Waterfall tourism in Indonesia

Curug Cipendok is a waterfall in the southern part of Central Java. It is in Cilongok Banyumas (district), near the village of Karang Tengah, about 25 km from Purwokerto. The dramatic 92 m falls are considered a major attraction and are very popular with tourists. The area also hosts a campsite and a large lake. The waterfall is 500 m away from a parking area, through a tropical forest.

The depth reaches 25 m, with temperatures below 20 C.

The road to the waterfall is lined with celery plantations and stalls selling tempeh, pure milk, tomatoes, and peppers. In addition, many small rivers run along the road.

==Butterfly park==
The village of Losari is around 8 km from the waterfall. The road from Losari goes through a protected area which has a butterfly park, rare plants, Javan hawk-eagles, monkeys, Javanese tigers, and snakes.

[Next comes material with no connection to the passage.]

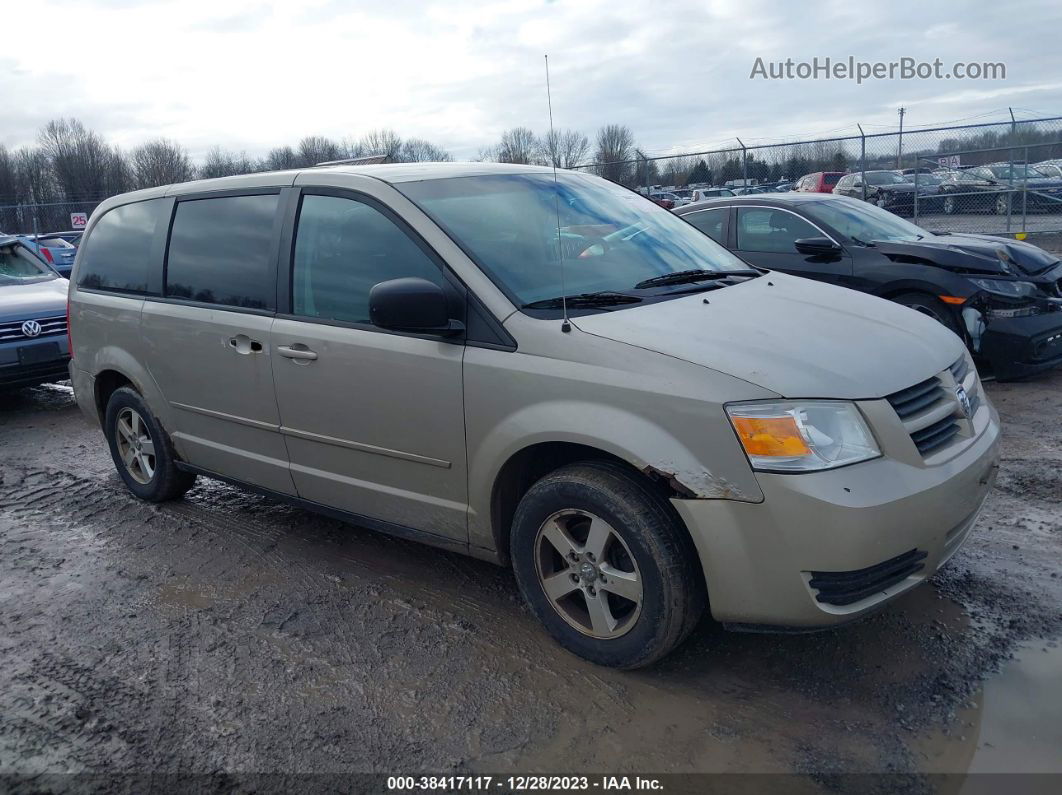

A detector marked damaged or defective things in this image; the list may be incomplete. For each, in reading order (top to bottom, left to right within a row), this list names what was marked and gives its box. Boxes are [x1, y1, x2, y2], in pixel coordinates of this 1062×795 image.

damaged vehicle [70, 165, 1000, 668]
damaged vehicle [676, 192, 1062, 380]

Between July 2009 to August 2010, research students from the Faculty of Biology at Jenderal Soedirman University discovered 99 new species of butterflies and some species of orchids that exist only in the Cipendok area.

==History==

After the Java War, the Dutch colonial government commissioned Ajibarang R. Ranusentika to clear the forest on the slopes. He often went fishing in a waterfall, under which there is a niche or a deep pool. During one of those fishing sessions, Ranusentika felt the tip of the hook pulled by a fish that was big, but when the end of the hook is retrieved, there was no big fish, but a pendok, or yellow gold dagger sheath, that caught the eye of the hook. Since then, the waterfall is named Cipendok. Curug Cipendok was restored and opened to the public in 1984.

Cipendok waterfall is at a plateau in the Banyumas region and was officially opened to the public on February 27, 1986. North of Cipendok lies the largest mountain forest in Java.